Die Professionalisierung der Partei ist seit 2023 spürbar. „Heiße Eisen“ werden frühzeitig abmoderiert, um keine mediale Angriffsfläche mehr zu bieten. Dazu werden Kompromisse meist intern vor den Abstimmungen ausgehandelt, und Konflikte nicht mehr in offener Feldschlacht im Saal ausgetragen. Frühere Parteitage der AfD endeten häufig im Chaos.
Seit der Auflösung des Flügels haben sich auch die Konfliktlinien in der Partei geändert. Die Streitigkeiten innerhalb der Partei werden nicht mehr von einem eher national-liberaleren Lager und einem Rechtsaußenblock geführt, sondern von unterschiedlichen Bündnissen und vor allem von den Interessen der einzelnen Landesverbände dominiert.

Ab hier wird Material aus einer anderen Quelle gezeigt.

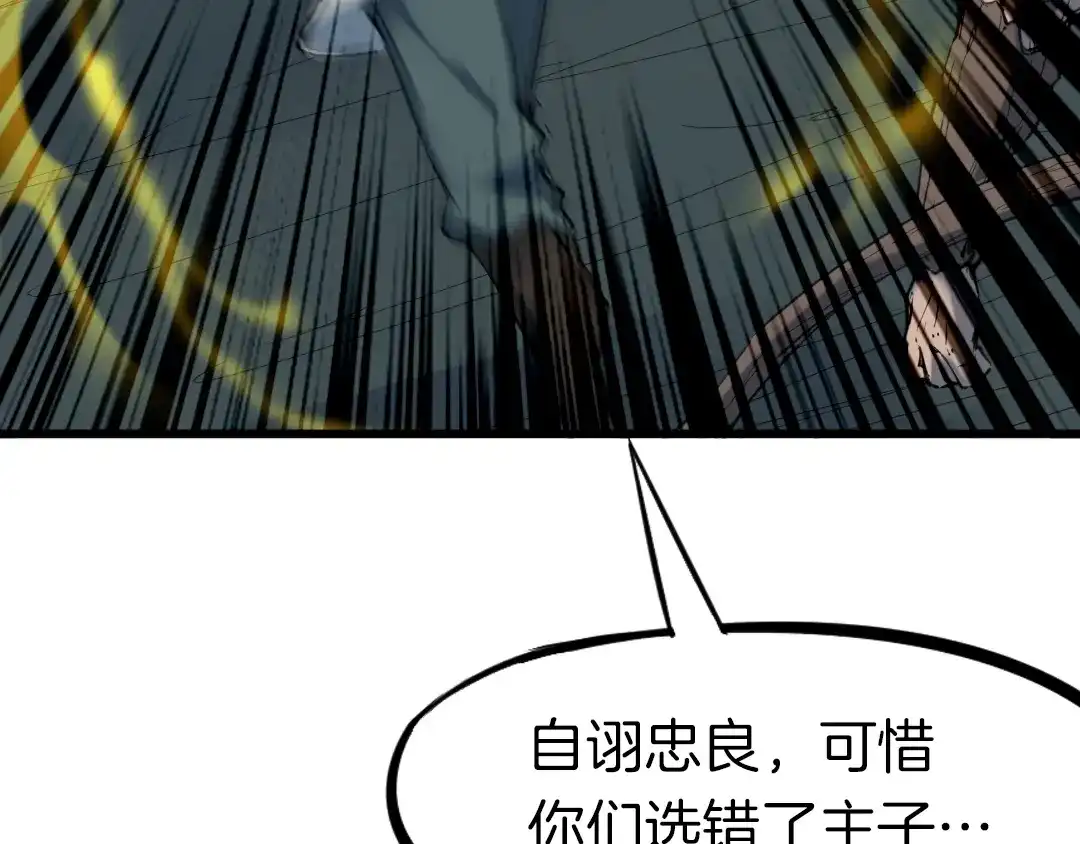 《龙脉武神》第33话 坍塌 第64页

Für das Wahlprogramm entscheidend, waren vor allem die folgenden Punkte: Am Samstag strich die Partei die Forderung eines „Dexit“ aus ihrem Wahlprogramm, der in der Öffentlichkeit kaum zu verkaufen ist. Stattdessen soll die EU nun in einen „Bund europäischer Nationen“ reformiert werden. Auch eine mögliche Verschärfung beim Thema Abtreibungen verhinderte der Parteitag.
AfD-Chef Tino Chrupalla sprach das Grußwort.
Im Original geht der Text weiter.